Can’t find the answers you are looking for? Reach out to our team for more help.

How do you automate mobile app testing?

Let’s start by defining the term “automation” in the context of testing. Automation is not just mapping human behavior to code. Automation should be considered from an engineering perspective: looking at constraints and requirements for repeatable flows.

In order to automate your testing, you must first ensure your app is built to support this.

App features and capabilities must be specifically designed for repeatability. Changes in the UI need to be verifiably functional, testable, and predictable. The best way to do this is by designing methods for controlling the application and the user state. Developers can build their apps with additional configuration layers (e.g. a “super admin panel”) accessible via a “test mode.”Building configuration layers allows the state of an app to be deterministic and controllable. They also enable an app to be automatable.

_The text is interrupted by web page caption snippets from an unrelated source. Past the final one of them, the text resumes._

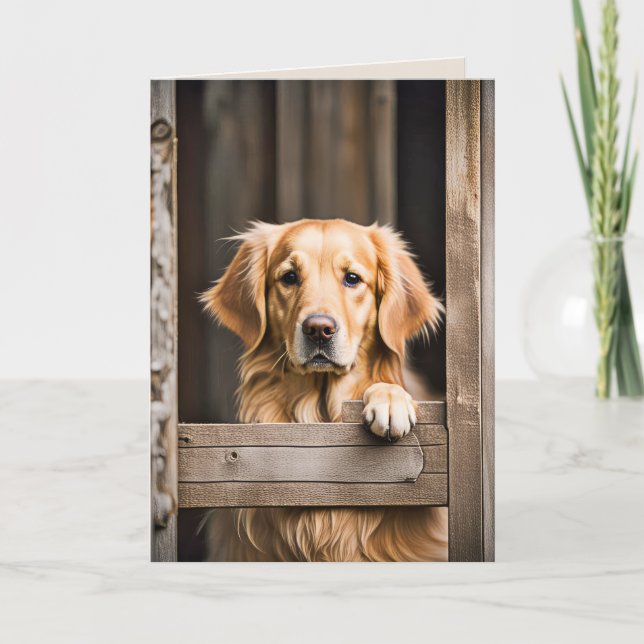 Golden Retriever In Barn Door For Birthday Card (Front)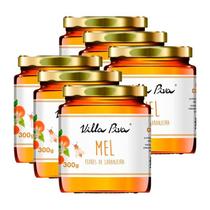 Kit 6X: Mel De Laranjeira Villa Piva 300G Kit 6X: Mel De Laranjeira Villa Piva 300G
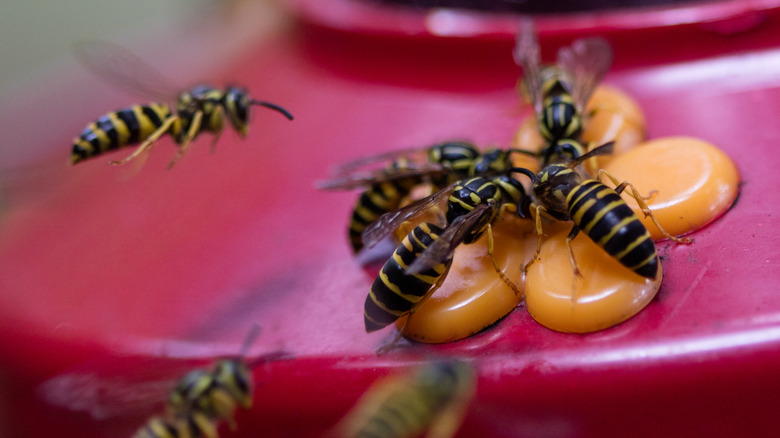 Yellow jackets swarm a hummingbird feeder.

However, it’s not just the app that needs automatability: the back end also needs to support automation. Since back-ends are custom-built for apps, it takes careful design and intention to ensure the back end honors requirements for successful testing via the app’s front end.

What are the types of mobile testing?

There are three key categories, or layers, that together make up the Mobile Testing Pyramid:

1. Unit Tests
2. Integration Tests
3. End to End (E2E) Tests

Unit Tests allow you to test small, specific, exception cases.
Integration Tests allow you to increase the complexity of your text by sending real payloads to real API endpoints to ensure all your systems are working together as desired/expected.
End to End (E2E) Testing allows you to test the application as the end user would experience it, ensuring that user interaction produces the desired/expected flow through your application’s most popular functions on real devices.

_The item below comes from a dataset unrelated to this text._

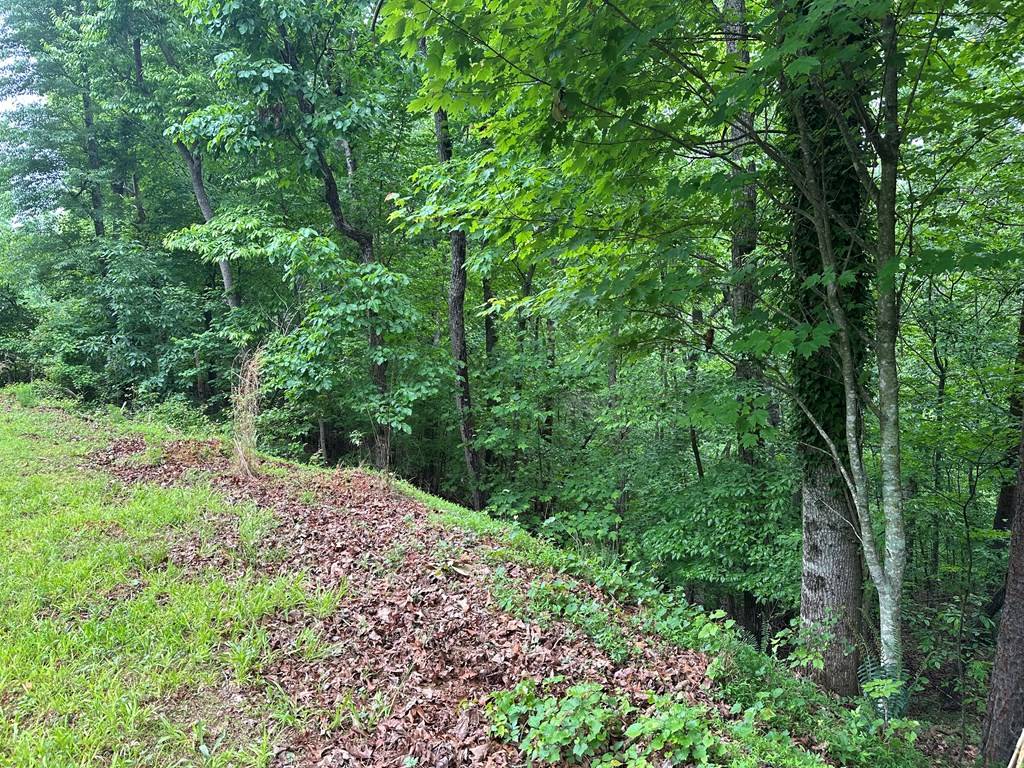 Ellijay, GA 30540,Lot 40 Timberwalk Drive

What is the purpose of mobile testing?

The end goal of mobile test automation is to produce higher quality builds that result in superior mobile applications. It is not about taking manual testing behavior and turning that into a script. To make this a reality, your tests need to be three things:

1. Deterministic: performing an action on the state of a user should always yield the same resulting state.
2. Isolated: no matter what else is being tested, the test must still provide the expected resulting state.
3. Repeatable: no matter how many times you execute a test and no matter what else is being tested, the test must still provide the expected resulting state every single time it’s executed.

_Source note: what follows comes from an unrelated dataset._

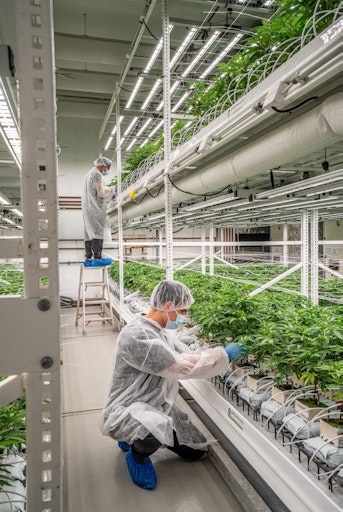 THC-Produktionsstätte in Lindau, ZH // Weiterer Text über ots und
www.presseportal.ch/de/nr/100094786 / Die Verwendung dieses Bildes
für redaktionelle Zwecke ist unter Beachtung aller mitgeteilten
Nutzungsbedingungen zulässig und dann auch honorarfrei.
Veröffentlichung ausschließlich mit Bildrechte-Hinweis.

User state management is critical to manifesting these three key requirements for successful mobile test automation.

What are the different strategies for mobile testing?

For mobile testing, there are several different methodologies or approaches a team could take. Waldo’s recommended principles when developing a testing strategy are this:

1. Tests should be simple
2. Tests should be nimble
3. Tests should be respected

Tests should be simple: Do not try to test everything, and do not try to automate everything. The number one barrier to a successful, scalable, and deterministic testing automation strategy is noisy, complex, polluted tests. Know what you are testing for, and know what answer you are trying to find. This will help limit flakiness, test runtimes, and general instability.

Tests should be nimble: Your tests should continue to function as your application evolves and changes. This means you need to anticipate and account for changes in your application that are a bi-product of use, and build tests that allow for this use to occur. Your testing approach needs to be nimble enough to account for these adjustments.

Tests should be respected: Testing is a way to know what your end user experience with your application will be. If you build tests that allow you to observe and protect the end user’s access to critical functionality within your application, you can preserve the core elements of the user experience with every release.